In a press conference, he said that "sufficient progress" has now been made for the talks to move into the second phase, which will cover trade agreements and a potential transition period.
U.K. Prime Minister Theresa May needed to resolve one last issue -- the Irish border -- to satisfy the Brussels negotiators. The question of whether to have a "hard" or "soft" border between Northern Ireland and the Republic of Ireland had already scuttled a potential deal on Monday (http://www.marketwatch.com/story/british-pound-volatile-after-reports-of-no-brexit-deal-monday-2017-12-04).

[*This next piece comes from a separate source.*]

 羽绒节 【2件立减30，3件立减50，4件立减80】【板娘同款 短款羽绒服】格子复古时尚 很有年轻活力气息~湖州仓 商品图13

"The political significance of progress in Brexit talks is quite profound -- not least as it reduces the tail risk of a 'no deal' scenario and a complete breakdown in negotiations," said Viraj Patel, foreign exchange analyst at ING.
"While the hard part (trade talks) is still to come -- and a realization of this may keep GBP/USD capped at 1.36 in the near-term (EUR/GBP around 0.87) -- we do ultimately believe that there is more upside left in GBP over the next 3 months," he said in a note.
The breakthrough reduces the risk that the U.K. will crash out of the EU in 2019 without an agreement on issues such as trade. EU leaders will consider whether to give a green light to advancing to the next stage when they meet Dec. 14-15 in Brussels.
Beyond the Brexit news, the main event on Friday is likely to be the release of the closely watched U.S. nonfarm payrolls for November, scheduled for 8:30 a.m. Eastern Time.
Economists polled by MarketWatch expect 200,000 jobs were added to the U.S. economy (http://www.marketwatch.com/story/jobs-boom-likely-carried-over-into-november-2017-12-07) last month and that the unemployment rate stays at a 17-year low of 4.1%.
The ICE Dollar Index was up 0.2% at 93.973 ahead of the release. The euro bought $1.1744, down from $1.1774 on Thursday.